Problem to work on:
Below is a set of records. Repeat them verbatim without the pictures.

+--

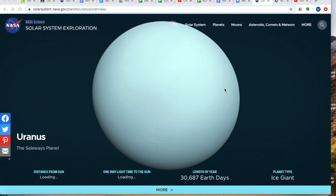Let's talk about that seventh planet, Uranus, also known as the sideways planet or the ice giant. So here it is, big, blue, and beautiful.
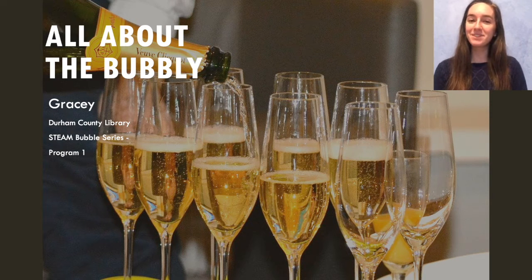Hi everyone. My name is Gracie and I'm the STEAM Senior Library Assistant at Durham County Library. Thank you for joining me today in the first program of our bubble series called All About the Bubbly. Today we're going to be making some mock champagne and talking a little bit about the history, geography, and science behind champagne. Let's get started.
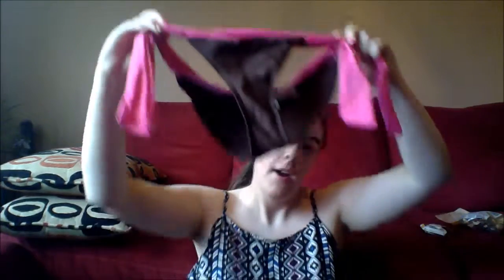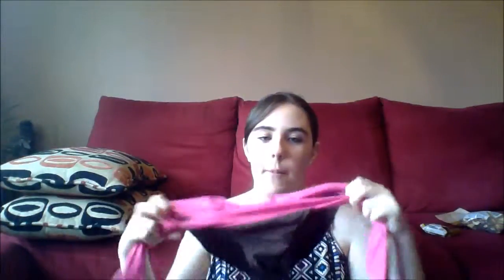My next bathing suit is from Walmart again and it's the 725 Original brand. I don't know if Walmart carries the 725 Original brand anymore — I know they carried it when I was a teenager. These are the bottoms: they're dark chocolate brown with hot pink rimming and hot pink strings on the side. The top is just hot pink with brown straps on the bottom and it has this beaded flower detail on it, and then the hot pink string ties up.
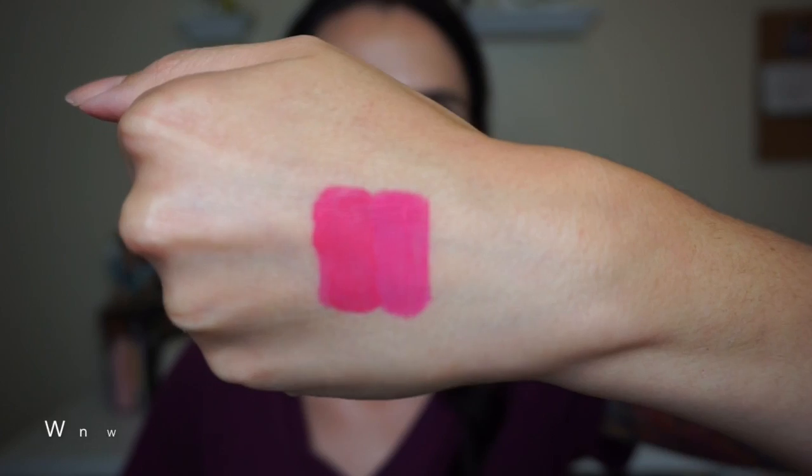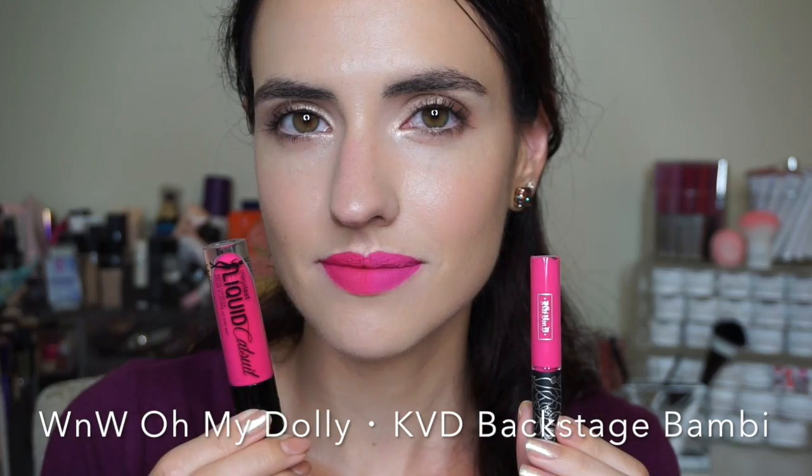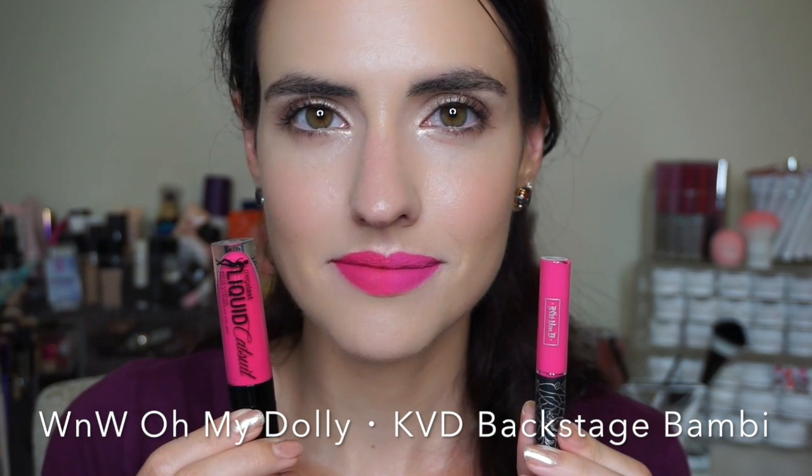Speaking of super bright fun shades, we have Backstage Bambi from Kat Von D, and the dupe is Oh My Dolly from Wet n Wild. These are so similar. I know this isn't the everyday go-to color for most people, so it's nice to have an affordable alternative for a shade you may not use a lot. The Kat Von D formula is amazing — I do think her liquid lipsticks are worth every penny — but if it's not in the budget, Wet n Wild has a great alternative.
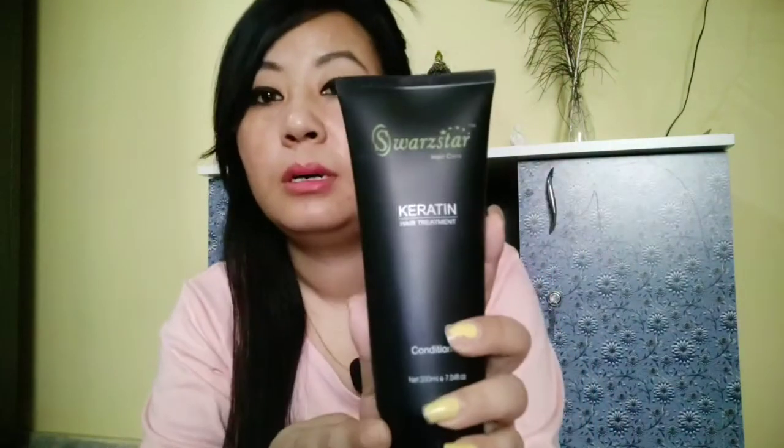Second, I have the keratin hair conditioner. It's also really good — it smoothens the hair quite a lot. I've used it three to four times and it's quite nice. For those who have dry hair like mine, this conditioner will work really well. I really like this conditioner, so you can go for it.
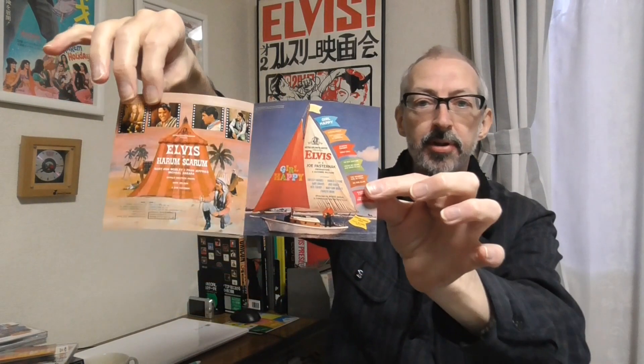On the inside you get the back covers to the original records. I've got another one over here as well. This one is also from the same first series — Harem Scarem and Girl Happy. Again this has the fat jewel case, and it also has the artwork insert: Harem Scarem on one side, Girl Happy on the other. On the inside you've got the two back covers.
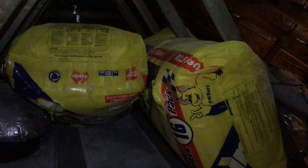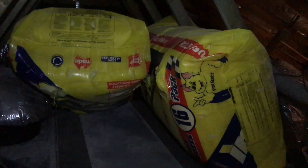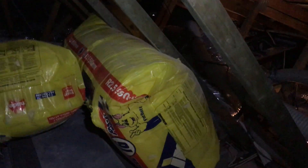We've just climbed up into this roof here at Hope Island on the Gold Coast. We just got in and obviously this is a roof that was done during the insulation grant, and so the packs are in the roof, never been laid out. That's typical of a lot of jobs that were done during the grant — the guys just loaded the packs up into the roof and didn't do the job.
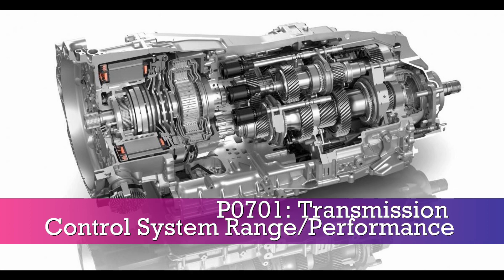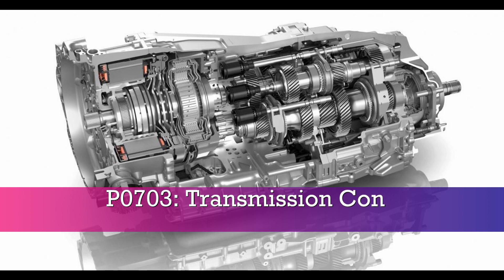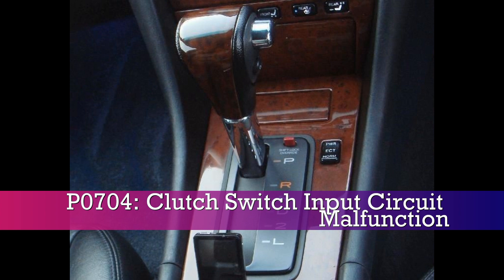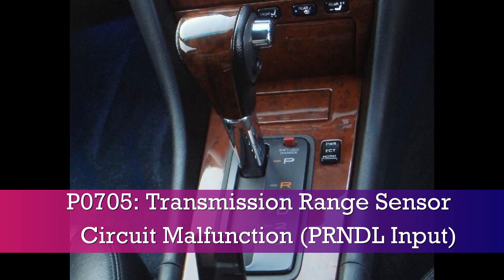P0701, transmission control system range performance. P0702, transmission control system electrical. P0703, transmission control system intermittent. P0704, clutch switch input circuit malfunction. P0705, transmission range sensor circuit malfunction, PRNDL input.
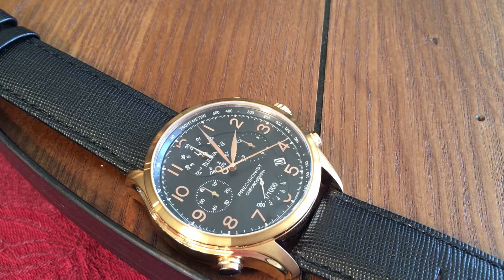Welcome to another watch review. This time it's for the Bulova 97B122, which is part of the Precisionist line and is a chronograph.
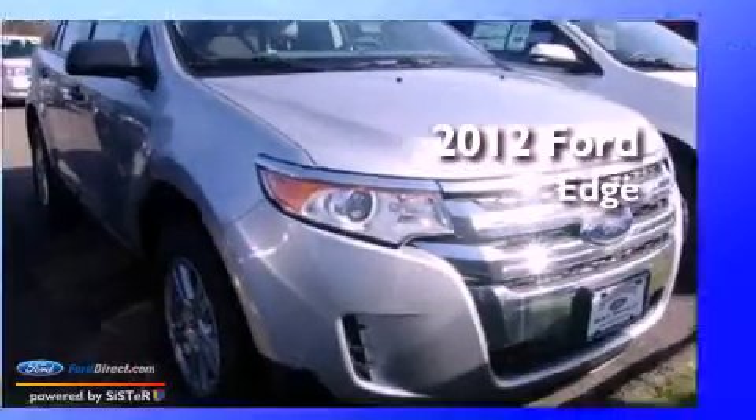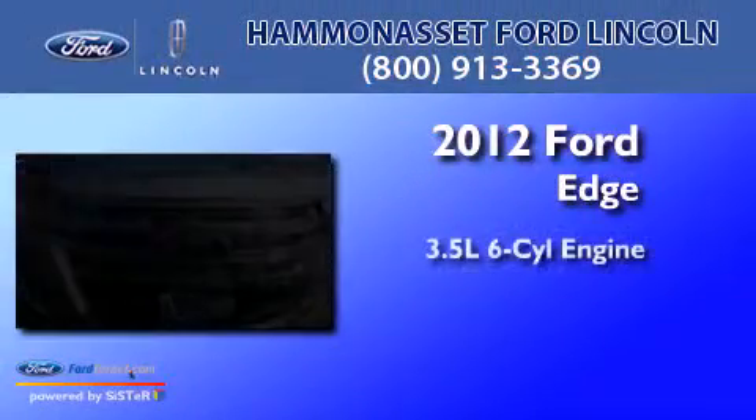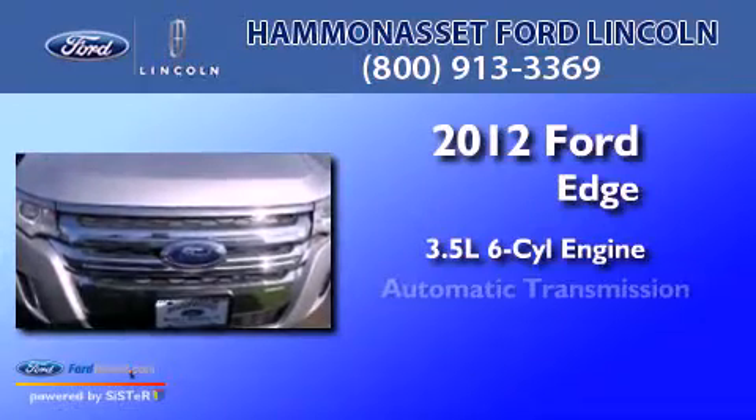This is a 2012 Ford Edge. It has a 3.5-liter six-cylinder engine and an automatic transmission.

+--

Worked solution:
Let's talk about that seventh planet, Uranus, also known as the sideways planet or the ice giant. So here it is, big, blue, and beautiful.
Hi everyone. My name is Gracie and I'm the STEAM Senior Library Assistant at Durham County Library. Thank you for joining me today in the first program of our bubble series called All About the Bubbly. Today we're going to be making some mock champagne and talking a little bit about the history, geography, and science behind champagne. Let's get started.
My next bathing suit is from Walmart again and it's the 725 Original brand. I don't know if Walmart carries the 725 Original brand anymore — I know they carried it when I was a teenager. These are the bottoms: they're dark chocolate brown with hot pink rimming and hot pink strings on the side. The top is just hot pink with brown straps on the bottom and it has this beaded flower detail on it, and then the hot pink string ties up.
Speaking of super bright fun shades, we have Backstage Bambi from Kat Von D, and the dupe is Oh My Dolly from Wet n Wild. These are so similar. I know this isn't the everyday go-to color for most people, so it's nice to have an affordable alternative for a shade you may not use a lot. The Kat Von D formula is amazing — I do think her liquid lipsticks are worth every penny — but if it's not in the budget, Wet n Wild has a great alternative.
Second, I have the keratin hair conditioner. It's also really good — it smoothens the hair quite a lot. I've used it three to four times and it's quite nice. For those who have dry hair like mine, this conditioner will work really well. I really like this conditioner, so you can go for it.
On the inside you get the back covers to the original records. I've got another one over here as well. This one is also from the same first series — Harem Scarem and Girl Happy. Again this has the fat jewel case, and it also has the artwork insert: Harem Scarem on one side, Girl Happy on the other. On the inside you've got the two back covers.
We've just climbed up into this roof here at Hope Island on the Gold Coast. We just got in and obviously this is a roof that was done during the insulation grant, and so the packs are in the roof, never been laid out. That's typical of a lot of jobs that were done during the grant — the guys just loaded the packs up into the roof and didn't do the job.
P0701, transmission control system range performance. P0702, transmission control system electrical. P0703, transmission control system intermittent. P0704, clutch switch input circuit malfunction. P0705, transmission range sensor circuit malfunction, PRNDL input.
Welcome to another watch review. This time it's for the Bulova 97B122, which is part of the Precisionist line and is a chronograph.
This is a 2012 Ford Edge. It has a 3.5-liter six-cylinder engine and an automatic transmission.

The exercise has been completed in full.